How about an alternative greedy strategy. Suppose you have a measure, which will have to be quite naive, of how "open" a partially-clued grid is: the measure should be small when the clues admit a unique solution and large when they admit many (e.g. when there are no clues!). Now pick a candidate grid to work on. Repeatedly make the move that "closes up" the grid as much as possible until you hit a unique solution. Report the number of clues used, then try another grid.

In practice, the repeatedly-make-a-move stage might want to look one or two moves ahead, especially around the 15-clue point. It should probably also make an effort to try all equally-constraining moves at each level of the search, making this a backtracking algorithm, but ... we can worry about the details another time.

So, what grids should we pick? It's already been pointed out that we shouldn't waste too much time on any single grid in case it simply doesn't have the sparse puzzle we're looking for. Also, we'd like to try as many different "types" of grid as possible, whatever that means, to help us identify the most promising ones. So I'd suggest we try transformation-invariant grids from the 27 or so interesting classes in Frazer's list at http://www.sheffield.ac.uk/~pm1afj/sudoku/sudgroup.html.

This could be quite good fun. If someone codes up the framework to do the search algorithm then we could try all sorts of different suggestions for the "openness" measure and see which ones perform best. One such measure might be the product of the sizes of the nine per-digit template lists (to use an example from my own code); or maybe something based on Knuth's insights (http://en.wikipedia.org/wiki/Talk:Sudoku#Don_Knuth.27s_Insights) or ... well, why don't you suggest something!
Red Ed

Posts: 633
Joined: 06 June 2005

### Re: Greedy algorithm

Red Ed wrote:One such measure might be the product of the sizes of the nine per-digit template lists (to use an example from my own code);

What are your "per-digit template lists" ?

Cheers

Gordon

PS I have more to say about this idea, but am in the middle of an experiment which is not yet finished..
gfroyle

Posts: 214
Joined: 21 June 2005

### Re: Greedy algorithm

gfroyle wrote:What are your "per-digit template lists" ?

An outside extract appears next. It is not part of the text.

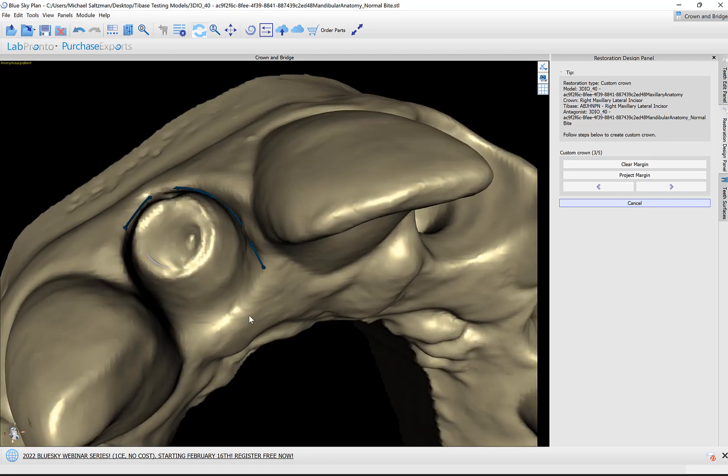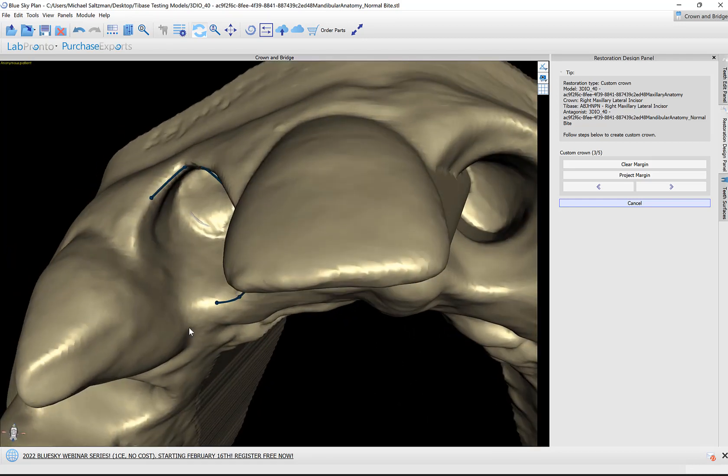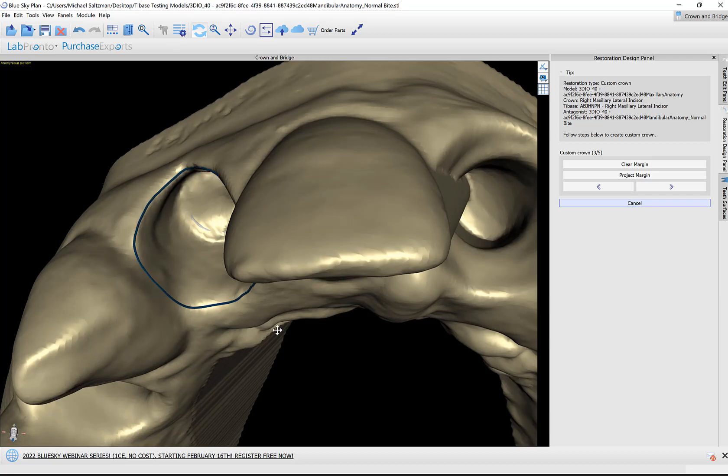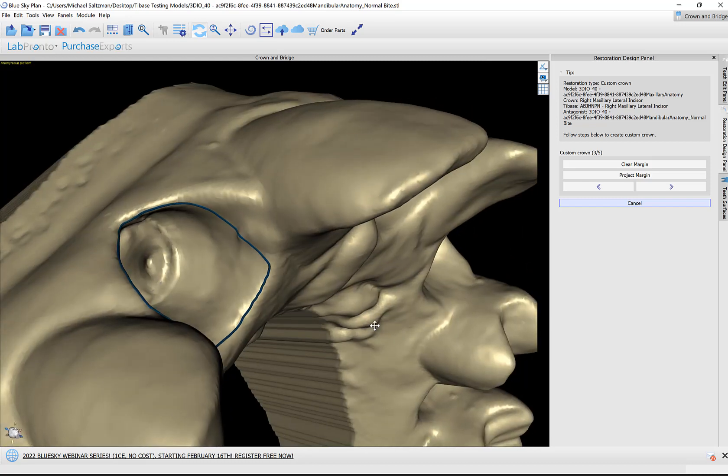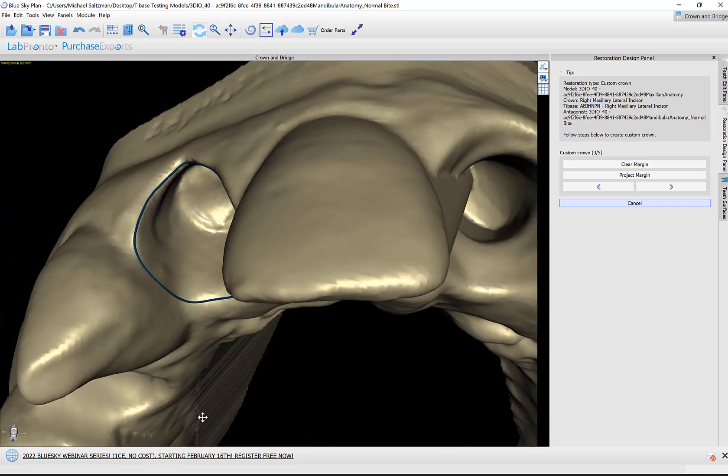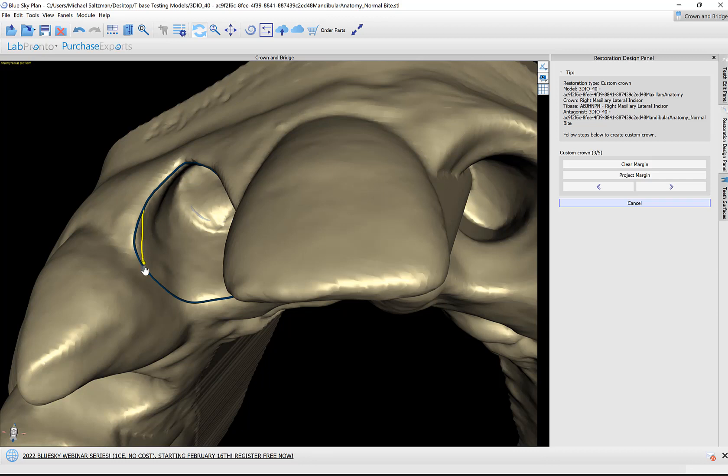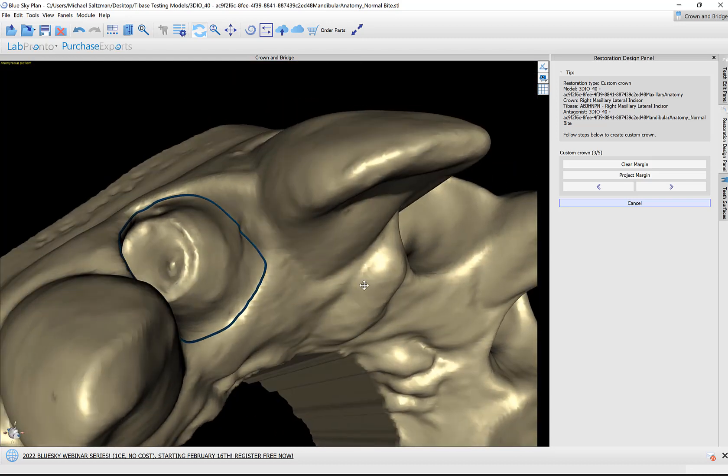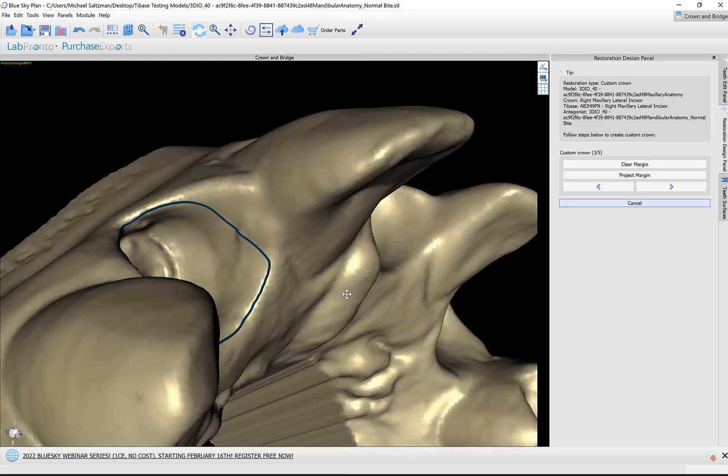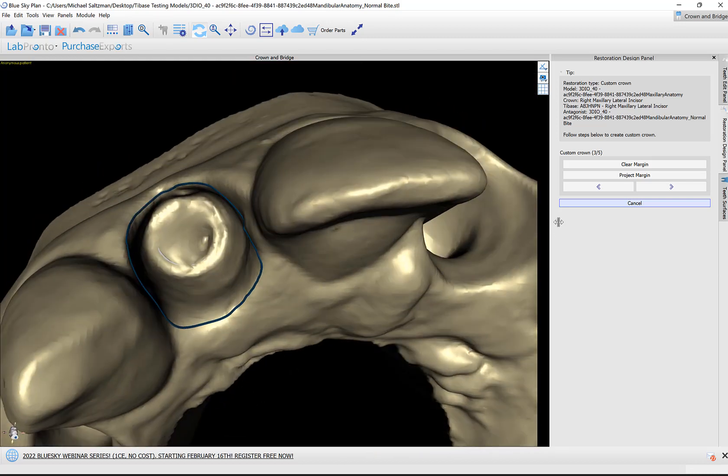When you get to that last dot, just continue and drag that into the first dot to close the circle. If you want to make any modifications, then once again hold down shift and just draw with your left mouse button. Once we're pleased with our margin curve, simply click Next.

A template for the digit 1, say, is any valid layout of the 1s in the grid; so 46656 templates in a list for an empty grid, or 5184 if you happened to have fixed the position of one of the digits.

I'm starting to wonder if this isn't completely the wrong approach though, as Guenter is doing some pretty amazing things over on the grid enumeration thread ...
Red Ed

Posts: 633
Joined: 06 June 2005

### Re: Greedy algorithm

Red Ed wrote:I'm starting to wonder if this isn't completely the wrong approach though, as Guenter is doing some pretty amazing things over on the grid enumeration thread ...

I think that the two problems (enumerating complete grids, and finding the minimum number of clues) are quite different in nature, so that as far as I can tell progress in the former problem will not help the latter.

Of course, it is entirely possible that Guenter, or someone else, will come up with some new ideas for the minimum clue problem, but it will require something pretty spectacular for a proof.

I firmly believe that there are 16s out there somewhere, but they are incredibly sparse... I now have over 350000 distinct 18-clue uniquely completable puzzles and about 2500 17-clue ones. A ratio of 100:1 from 18 to 17, but of course this is likely to be an artefact of my construction procedures and not a legitimate value.

Here is a question: take a valid grid G, and consider the proportion of m-hint subgrids that are uniquely completable.... Let p_G(m) be this function (so in other words p_G(0) = 0, and p_G(81) = 1). Can we say anything at all about this function? Is it significantly different for different grids?

By randomly selecting a largish number, say 10^7, random 27-hint subgrids and checking how many are uniquely completable (usually very few), we can get an estimate for p_G(27). If we have two grids G and H where p_G(27) > p_H(27), then can we conclude that G is a "more fertile" source of uniquely completable subgrids of other sizes, and thus focus more attention on that grid?

Cheers

Gordon
gfroyle

Posts: 214
Joined: 21 June 2005

### 17 going on 16

Gfroyle - You are triying hard for the 16 - keep going.

However the minimum hint problem - if it were going to be relevant to the calculation of the number of grids - has one "slight" flaw.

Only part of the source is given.